Er begann sofort, ein wenig zu saugen und verfolgte engagiert seinen diabolischen Plan, Tessas Frechheit mit einem kleinen Knutschfleck zu bestrafen. Sie strich ihm durch die Haare und genoss sichtlich ihre „Bestrafung“. Es endete, wie es endeten musste und die Beiden gaben sich einem intensiven Kuss hin, der sie total von den Planungen um sie herum ablenkte.

Erst als Teddy sanft den Kuss löste, bemerkte er die unheilvolle Stille, die plötzlich über dem Raum lag.
Er blickte auf und sah, dass sich sämtliche Augen in die Richtung der Stiege gerichtet hatten und als er seinen Kopf drehte, um zu erfassen, was die allgemeine Aufmerksamkeit dort fesselte, sah er zu seinem Erstaunen, dass sich hinter Sunny Marc-André befand. Teddy war sehr erstaunt über diesen „Überraschungsgast“, denn diesen Chaoten hätte er hier zuletzt erwartet.
Sunny erwähnte das Offensichtliche, als er laut verkündete: “Freunde, wir haben einen Überraschungsgast, der uns seine Aufwartung machen will.
Hallo meine Lieben,…“. begann Marc-André und Teddy runzelte die Stirn, während er aus den Augenwinkeln betrachte, wie Alise und Tessa fast gleichzeitig genervt ihre Augen verdrehten.

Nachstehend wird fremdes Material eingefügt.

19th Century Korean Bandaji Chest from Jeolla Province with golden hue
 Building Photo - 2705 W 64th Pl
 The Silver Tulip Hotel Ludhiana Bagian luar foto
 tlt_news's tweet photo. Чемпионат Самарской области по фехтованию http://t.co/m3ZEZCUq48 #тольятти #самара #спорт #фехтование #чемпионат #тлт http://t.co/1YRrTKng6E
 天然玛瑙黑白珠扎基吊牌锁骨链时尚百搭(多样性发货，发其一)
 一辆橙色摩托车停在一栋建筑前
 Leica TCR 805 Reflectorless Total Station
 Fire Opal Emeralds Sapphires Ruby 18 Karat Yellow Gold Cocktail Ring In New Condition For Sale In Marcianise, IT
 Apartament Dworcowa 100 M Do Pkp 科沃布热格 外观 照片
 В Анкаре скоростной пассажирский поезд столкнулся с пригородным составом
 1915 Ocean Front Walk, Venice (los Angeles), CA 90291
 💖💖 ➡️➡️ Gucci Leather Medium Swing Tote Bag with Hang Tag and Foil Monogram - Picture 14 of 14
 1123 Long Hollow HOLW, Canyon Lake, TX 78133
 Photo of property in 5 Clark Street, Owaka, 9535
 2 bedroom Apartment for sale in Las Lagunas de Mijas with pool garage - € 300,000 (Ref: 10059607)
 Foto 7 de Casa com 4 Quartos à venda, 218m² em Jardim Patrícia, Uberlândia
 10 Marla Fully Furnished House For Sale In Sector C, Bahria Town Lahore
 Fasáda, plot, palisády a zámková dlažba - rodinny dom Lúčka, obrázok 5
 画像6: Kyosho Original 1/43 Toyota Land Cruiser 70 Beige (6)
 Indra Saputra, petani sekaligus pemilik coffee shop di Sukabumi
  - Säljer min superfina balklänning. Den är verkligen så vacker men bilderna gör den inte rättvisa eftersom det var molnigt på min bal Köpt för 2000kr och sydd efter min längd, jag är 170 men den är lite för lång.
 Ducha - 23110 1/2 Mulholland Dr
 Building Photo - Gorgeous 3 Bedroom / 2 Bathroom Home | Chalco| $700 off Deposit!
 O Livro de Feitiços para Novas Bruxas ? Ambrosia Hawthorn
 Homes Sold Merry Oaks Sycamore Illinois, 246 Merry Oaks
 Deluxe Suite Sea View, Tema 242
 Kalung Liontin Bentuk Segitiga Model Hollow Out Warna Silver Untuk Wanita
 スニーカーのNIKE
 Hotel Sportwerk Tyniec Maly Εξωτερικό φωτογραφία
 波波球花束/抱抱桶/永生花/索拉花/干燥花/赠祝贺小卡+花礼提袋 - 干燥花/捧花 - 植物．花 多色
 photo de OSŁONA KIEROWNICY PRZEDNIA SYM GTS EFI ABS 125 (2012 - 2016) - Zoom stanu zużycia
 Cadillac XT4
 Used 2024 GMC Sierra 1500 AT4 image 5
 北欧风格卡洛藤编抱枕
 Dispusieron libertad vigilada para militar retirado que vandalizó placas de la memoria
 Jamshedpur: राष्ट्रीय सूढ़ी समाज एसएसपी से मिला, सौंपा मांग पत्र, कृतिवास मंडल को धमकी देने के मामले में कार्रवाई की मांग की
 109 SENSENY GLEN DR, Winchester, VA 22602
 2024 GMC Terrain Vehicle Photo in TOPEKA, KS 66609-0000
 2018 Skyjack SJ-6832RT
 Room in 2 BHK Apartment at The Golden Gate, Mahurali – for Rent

Was willst Du denn hier?“, unterbrach ihn Tessa, mit einem nicht gerade freundlichen Tonfall.
Hey, Frieden, meine liebste Cousine. Ich bin in völlig harmloser Mission unterwegs…“, begann Marc-André mit beschwichtigenden Handbewegungen.
Es liegt in meinem Interesse, unser kleines Abkommen zu honorieren, in dem ich mit Informationen und der Bereitschaft, euch zu unterstützen komme.
Worin willst Du uns denn unterstützen?“, fragte Alise kühl.
Ihr habt doch jetzt die Planung eines Wettkampfes vor euch und ich dachte, dass ich diesmal lieber die Gewinnerseite von Anfang an unterstütze. Ich kann euch helfen, die richtige Strategie zu entwickeln und euch durch meine Kenntnisse eures Gegners vor Stolpersteinen in euren Plänen warnen.“
„Und ganz nebenbei kannst Du uns auch ausspionieren, um Deine Erkenntnisse auf der anderen Seite zu Deinem Vorteil zu nutzen“, merkte Teddy, mit einem zynischem Unterton an.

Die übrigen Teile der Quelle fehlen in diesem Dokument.